Companies need to start being context-aware in order to drive successful business outcomes. The web has become the most strategic channel for them especially with regards to sales, marketing, and customer support. Websites are no longer brochures, they are experiences. And website visitor expectations have changed. They now expect sites to engage them, with both content and context. The missing ingredient in providing a web experience that meets corporate business goals, while meeting site visitor expectations, is context.
Context helps humans make decisions in the everyday real world (we’re able to tell someone’s age, gender, read their body language, etc). However, context is often ignored online. For example, if you go to Google and search for brown dress shoes, you’ll be amazed at the number of marketers trying to sell you black dress shoes, running sneakers or even sandals. Just like we use context to shape our everyday experiences, context humanizes websites. By looking at context, companies will understand who came to their website, what that individual came to accomplish, how they came and then provide those site visitors with the right experience that’s now personalized and meaningful to them.

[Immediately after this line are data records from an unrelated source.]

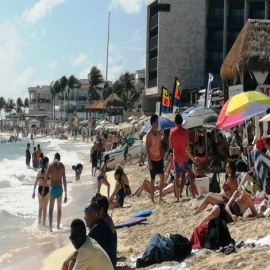 Playa del Carme: Siguen abarrotadas las playas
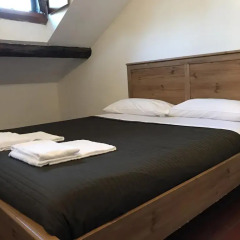 Апартаменты Charming Apartment The Castle сейф в номере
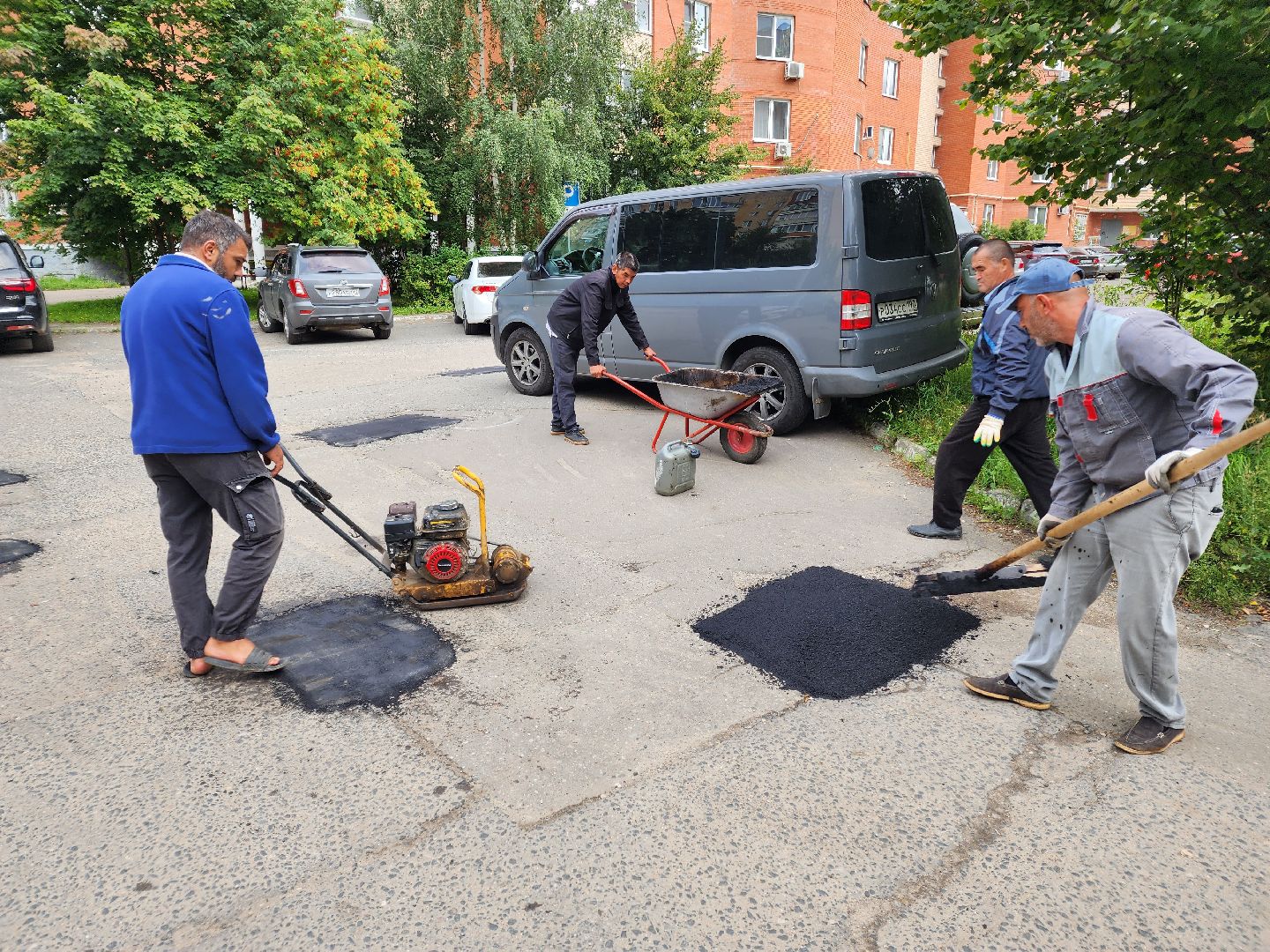 чехов, улица чехова, проезды и проходы во дворах, ямочный ремонт, текущий ремонт дорог, обращения жителей, портал добродел, администрация чехова, мбу чеховское благоустройство,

So let’s start humanizing websites through context. Context deepens engagement, grows revenue and builds loyalty.
Q. A year from now, what do you see as the highest and best use of the type of tools Ektron offers?

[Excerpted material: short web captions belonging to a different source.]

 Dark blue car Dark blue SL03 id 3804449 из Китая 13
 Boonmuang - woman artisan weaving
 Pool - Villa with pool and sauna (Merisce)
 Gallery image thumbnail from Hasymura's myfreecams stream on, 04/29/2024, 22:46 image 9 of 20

There’s been an evolution of Web Content Management (WCM). In the past, companies started with content first – they would use WCM tools to increase time to web and productivity by giving business users the ability to publish content without relying on IT. Improving time-to-web was the metric companies would use to measure the success of their WCM system, but getting content up on the web faster doesn’t necessarily meet the needs of brands, especially if that content provides no relevance to their customers.
Successful brands start with the customer first, understanding who they are and what they came to the site to accomplish. They match the right content to the site visitor based on each visitor’s unique goals. Today I would say that the “c” in web content management is “customer.” Before, we always started with content, but content just becomes a tool to engage customers. Web content management should actually become web customer management. Ektron customers succeed and achieve business results when they focus on delivering the best web experience to each of their customers.
Q. What do you think some companies just don’t get, but that is critically important to their future?
Mobile. The number of websites you go to on your smartphone today and see that it’s not mobile-optimized is still unbelievable. Starting with mobile-friendly is an important first step, but you also have to think about how consumers are using mobile. Mobile is one of the most significant computing technologies since the invention of the mouse where you click and find information. Touching and swiping on your mobile device has become the new point+click. Mobile brings new ways to interact and engage with consumers.
Today, companies should not only think about mobile-friendly, but they also need to think about how mobile devices and mobile apps present new ways to interact with their customers. I propose that companies start with mobile first because users often prefer the kind of experience that they get on their smartphone and tablet. By starting with that mobile user experience, we can then enhance these experiences on a tablet, and then on a desktop web browser. Mobile will then become the baseline for companies to build out their multi-channel customer experiences.